Colombian Navy's COTEnergy Boat offers sustainable and flexible coastal operations

The uncrewed vessel is powered by a 50 hp electric motor sustained in part by solar panels.
Can Emir
COTEnergy Boat
COTEnergy Boat


The COTEnergy Boat, a new electric boat, was recently showcased at the Colombiamar 2023 business and industrial exhibition in Colombia. 

The uncrewed vessel was built by Atomo Tech and Colombia’s state-owned naval enterprise, COTECMAR, and is powered by a 50 horsepower (hp) electric motor sustained partly by solar panels mounted on the top of the deck. The boat's compact and lightweight design makes it suitable for "intelligence and reconnaissance missions, port surveillance and control missions, support in communications link missions, among others."

The Colombian Navy (ARC) intends to deploy the COTEnergy Boat in April as a valuable tool for other navies to adopt. The boat's adaptability and ability to carry and power sensors make it limited in its scope but an effective platform for scientific and research expeditions. The COTEnergy Boat can also serve as a communications link between ships or between ships and other uncrewed vessels.

Uncrewed sea vehicles have been the focus of attention, with the introduction of small drone ships for regional powers and routine patrol work showcasing how far this technology has come and how widespread it is likely to be in the future. By putting sensors and communications links onto an uncrewed vessel, a navy can effectively extend the range of what can be seen by human operators.

COTECMAR is designing sustainable technological solutions for the energy transition, and the COTEnergy Boat is being incorporated into this offer. Making patrol craft solar-powered and electric is a step towards sustainable vessels. The boat's load capacity is 880 pounds, and it can sustain its autonomous operation for just shy of an hour.
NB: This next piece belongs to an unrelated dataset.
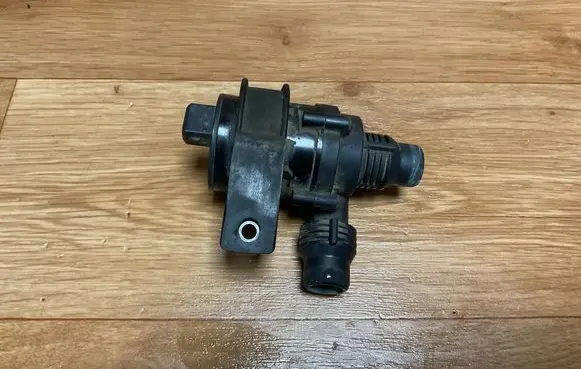 Mini One - Cooper R50 - 53 Electric auxiliary coolant/water pump 30950012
Challenges faced by uncrewed ships include the lack of human presence, making them easier targets for other navies or maritime criminal groups. The same kind of Saildrones used by the US Navy to scout the Persian Gulf have also been detained by the Iranian Navy, with the risk of compromising data and data collection tools. However, the benefits of having a flexible, solar-powered robot ship outweigh the risks.